Now, as I slapped blue tape on the walnut, I muttered, “This table is coming back, you shallow bastard.”
By midnight, the house looked like a crime scene. Blue tags fluttered from some items. Others were bare. The bare ones would go.
I slept poorly. When I did drift off, my dreams were a mash of demolition footage and video transitions, rubble dissolving into sparkles, captions floating over crumbling buildings. I woke up just before dawn with my heart hammering and the taste of concrete dust in my mouth.
At 8:05 a.m., a truck pulled up.
The junk removal crew were three guys in matching shirts and tired eyes, the kind of men who’d seen every flavor of domestic meltdown.
“You the one who called about the full clear?” their lead asked, glancing past me into the house.
“That’s me,” I said. “Everything without tape goes. Nothing with tape gets touched. If you’re not sure about something, call me.”
He looked around, whistled softly. “You throwing out a Sephora store?”

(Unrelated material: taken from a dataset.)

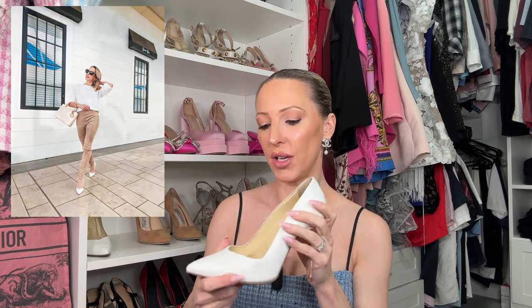Moving on to whites and nudes. These are the Sarah Flint white Perfect Pumps in 100mm. If you want designer closed-toe stiletto pumps, definitely check out Sarah Flint — construction and materials are really good, though they are expensive and keep getting pricier. I've added a gel insert inside to make them more comfortable. I wasn't sure I'd wear white stiletto heels, but I've had tons of wear — with dresses, jeans, and tailored shorts. If you want something really classy, elegant, and timeless, you can't go wrong.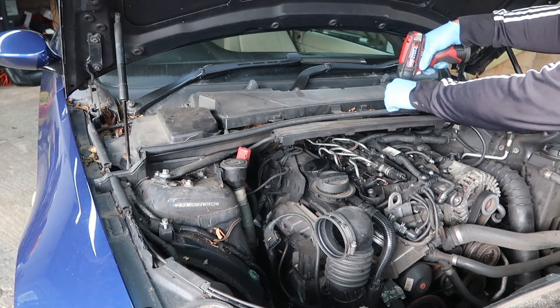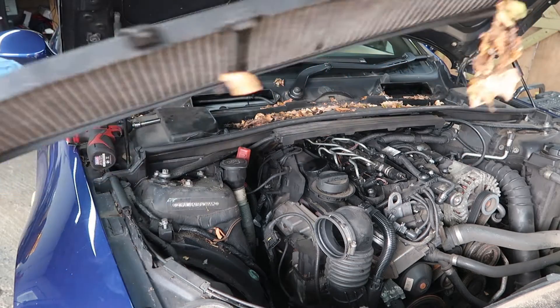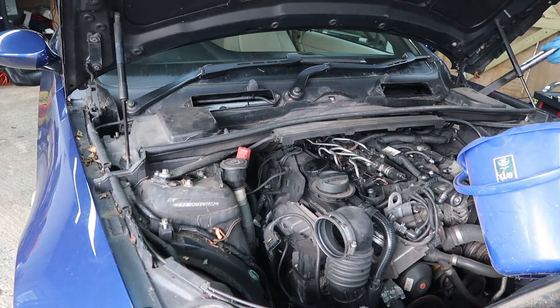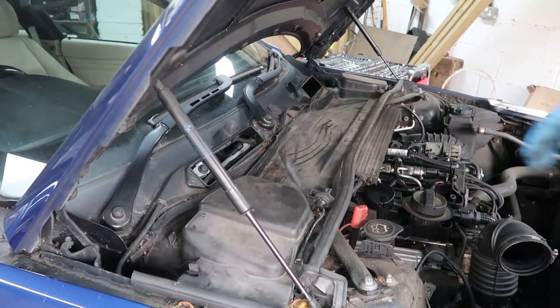The good thing about the BMW engine bay is it's got loads of space. We've got to remove this pollen filter — they're always cracked and broken; I'll provide links on where to get new ones. And just my habit is to clean things up because you don't want to be working in mess.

“Something like that,” I said.
They got to work.
I stayed for the first hour, mostly hovering, answering questions, making sure nothing of mine got swept up in the tide of removal. After that, I realized watching Rosie’s things go—her racks of clothes, her trays of makeup, her prop pillows and faux plants—was only making me feel weirdly hollow, not vindicated.
So I grabbed my keys and left for a while.
I went to the hardware store and bought new locks. I bought a few basic tools I’d lent out and never gotten back. I bought a small shop vac for the workshop I was already mentally reclaiming.
I grabbed lunch at a diner where no one photographed their food before eating it. I sat at the counter, ate a greasy burger, and listened to two older guys at the end argue about baseball stats. It felt like immersing my brain in clean water.
When I came home that afternoon, the house echoed.
The living room looked bigger without the strategically placed furniture. The guest room—formerly Studio A—was nearly empty, save for a couple of stubborn tape marks and a piece of backdrop paper someone had missed.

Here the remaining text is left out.